In India, the decline may be as high as 16.1 per cent in 2050 in the extreme climate change scenario
Heat and water stress can lead to 6-14 per cent global food production decline by 2050, correspondingly increasing the number of people with severe food insecurity by up to 1.36 billion compared to 2020, researchers have established in new research.
Due to this, regions like China and ASEAN countries can become food importers from being net food exporters by 2050.
The report Global impacts of heat and water stress on food production and severe food insecurity published June 22, 2024 in the journal Scientific Reports of the science weekly Nature, showed a decreasing trend of food production as a percentage reduction in 2050 from 2020 for different climate change scenarios.
A decrease in agricultural output causes a reduction in global food production that, in turn, increases the number of people with severe food insecurity.
In India, in the worst-case scenario of climate change, food production was projected to fall by 16.1 per cent in 2050 as a result of both water and heat stress.

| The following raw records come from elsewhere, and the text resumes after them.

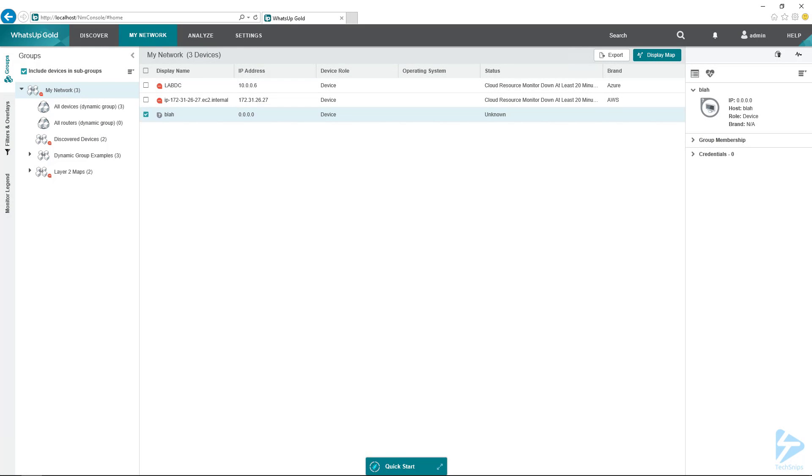I've got a WUG server, but I want to create a custom monitor using PowerShell. You know what? We can do that. So let's run through the process of creating both an active monitor and a performance monitor in WUG using a PowerShell script.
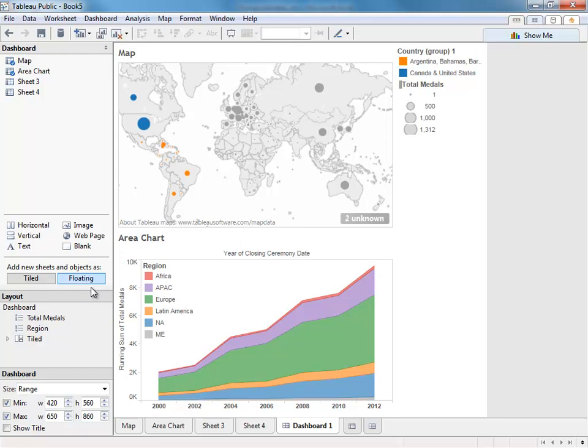This is just an overview and a sample of the new features in Tableau Public 8. There are a lot of other new features, including new sets, data blending, forecasting, and even a JavaScript API. Be sure to check out our other videos to see more of Tableau Public 8 in action.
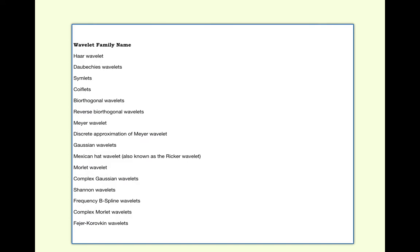Now wavelet family. Wavelet is the basic function but under that there are a lot of wavelets. Haar is one of the prominent names in this series. Daubechies, Symlets, Coiflets, Biorthogonal - biorthogonal is one of the very well known wavelets that is used for reducing noise - Reverse Biorthogonal wavelets, Meyer wavelet, Discrete Approximation Meyer wavelet, Gaussian wavelet, Mexican hat wavelet, Morlet, Complex Gaussian, Shannon, Frequency B-Spline, Complex Morlet, Fitch curve, and Coroknuckle wavelet.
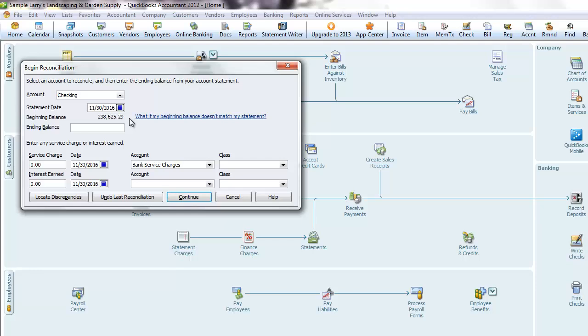Alternatively, if this is the first month you're using QuickBooks, it was entered when you set up the chart of accounts. Either way, it is automatically entered, and if it matches the one on your bank statement, you are good.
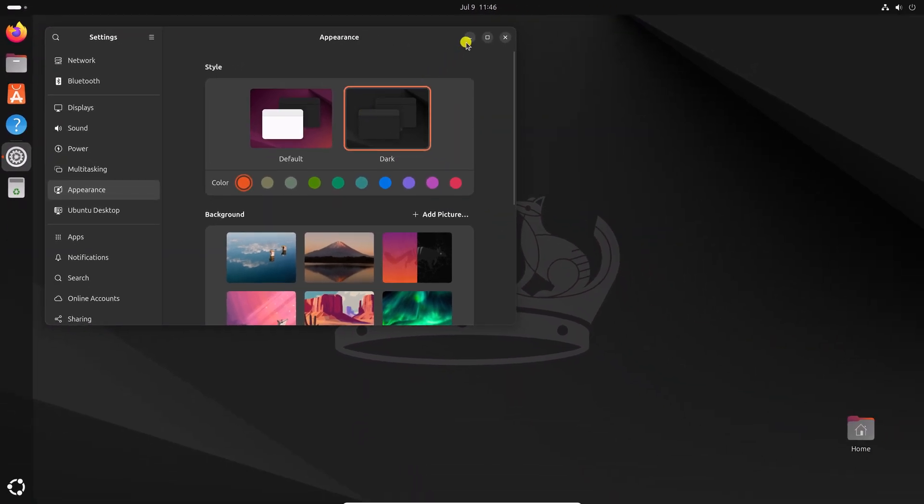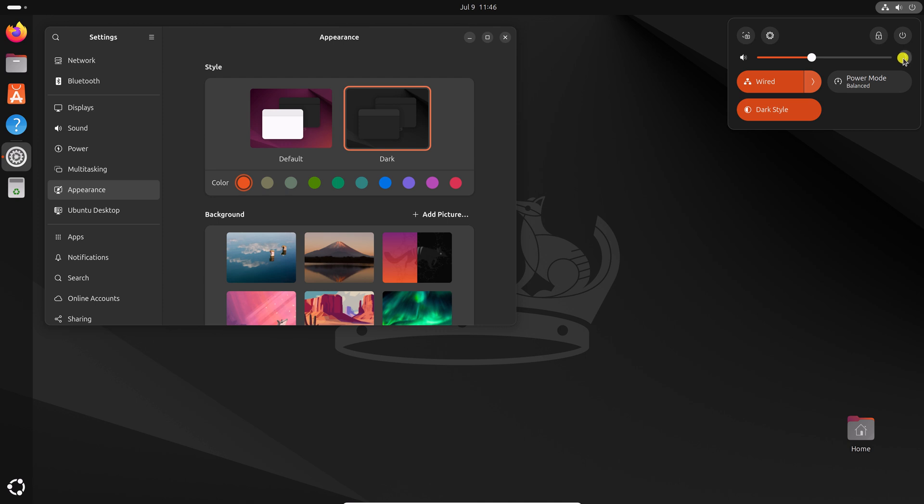And this will enable system-wide dark mode on your Ubuntu operating system, as you can see here.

In China, it would fall by 22.4 per cent and in the United States by 12.6 per cent.
In Africa, food production was projected to decline by 8.2-11.8 per cent, 14.7 per cent for Australia and 19.4 per cent for some parts of Central America.

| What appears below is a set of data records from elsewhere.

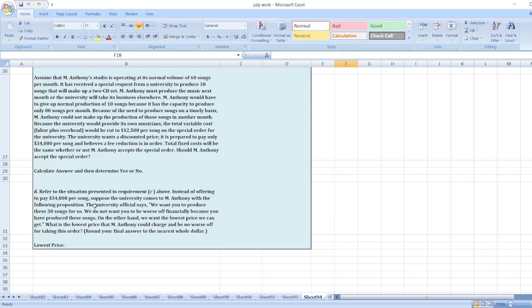Refer to the situation presented in requirement C above, instead of offering to pay $34,000 per song, suppose the university comes to M. Anthony with the following proposition. The university official says, we want you to produce these 30 songs for us. We do not want you to be worse off financially because you have produced these songs. On the other hand, we want the lowest price we can get. What is the lowest price that M. Anthony could charge and be no worse off for taking this order?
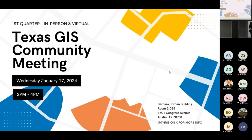Good afternoon, everyone, and thank you for being here at the first quarter Texas GIS community meeting. We are very excited that we're having it in our Barbara Jordan building here in central Austin. For those who couldn't come in today, you're missing out on a very nice facility here, but hopefully this will make it into our rotation depending on how this meeting goes. Welcome, everybody, and glad that you could make it.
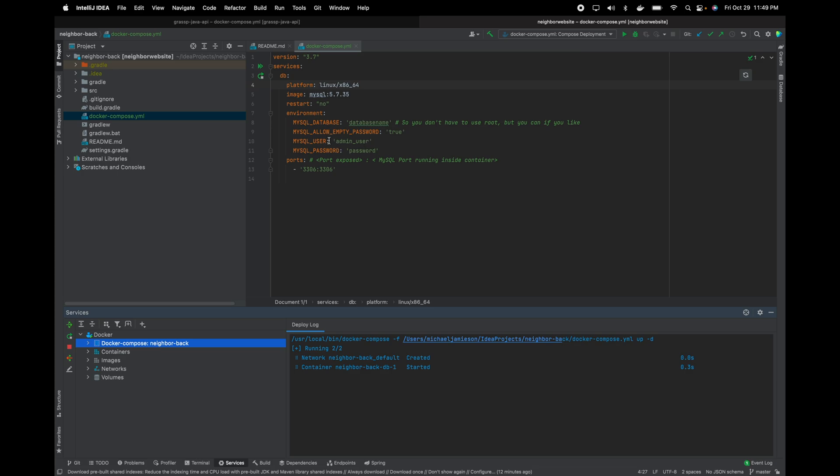Yeah, this definitely saves a lot of time in order to spin up a container whenever you have to delete. And yeah, I hope you enjoy.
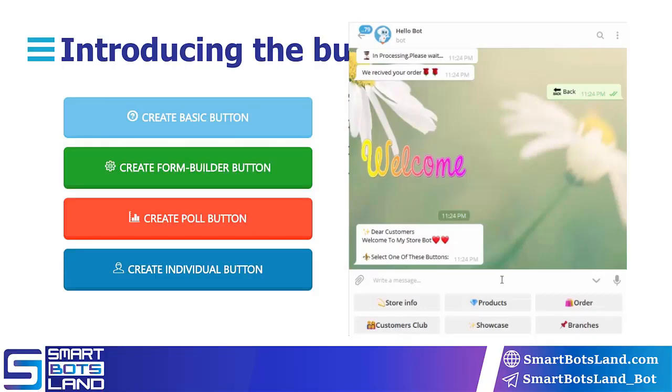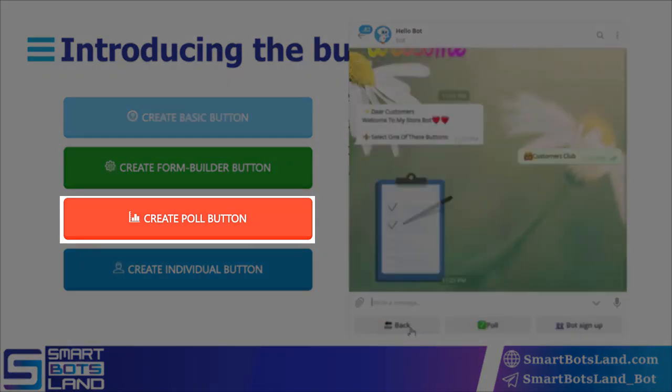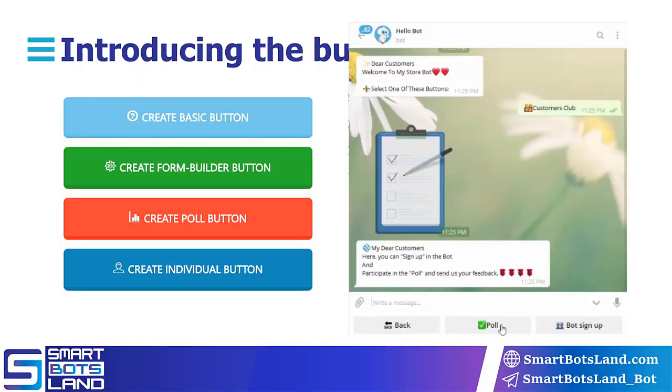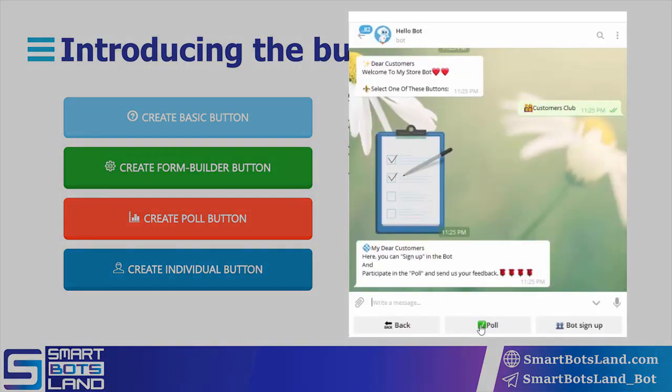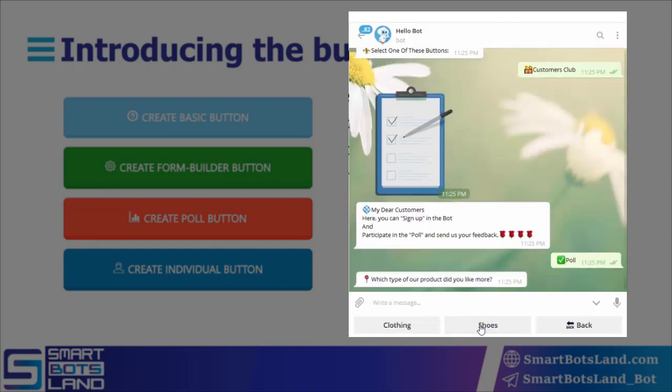Poll buttons are a group of buttons which you can create with this panel. These buttons are similar to formula buttons in function. The only difference is that after your users answer these questions, the panel shows diagrams based on your users' answers.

Globally, the number of additional people with severe food insecurity by 2050, relative to 2020, can increase between 556 million and 1.36 billion.
Already, nearly 282 million people faced high levels of acute food insecurity in 59 countries in 2023, with extreme weather being the second-most significant factor driving the food crisis, according to the 2024 Global Report on Food Crisis released in April.
In fact, for four consecutive years, the proportion of people facing acute food insecurity has remained persistently high at almost 22 per cent of those assessed, significantly exceeding pre-COVID-19 levels.
Weather extremes were the main driver for 18 countries, with over 72 million people facing high levels of acute food insecurity because of such extreme weather events.
The month of May ended up being the warmest May on record globally for land and ocean surfaces combined, following the trend of the last 11 months, all of which broke monthly temperature records since the pre-industrial period. In fact, June is set to continue this streak of record-breaking temperatures; if it does, the month would have broken its temperature records two years in a row.
In terms of prices and trade flows (exports and imports), the results of the research showed substantial increases in food prices overall, especially, for the most extreme warming scenario and in regions with high water stress.
“Our results show an increased flow of trade in agricultural commodities from low to high water stress countries and regions, given (in part) by the relative regional food price changes,” said the research.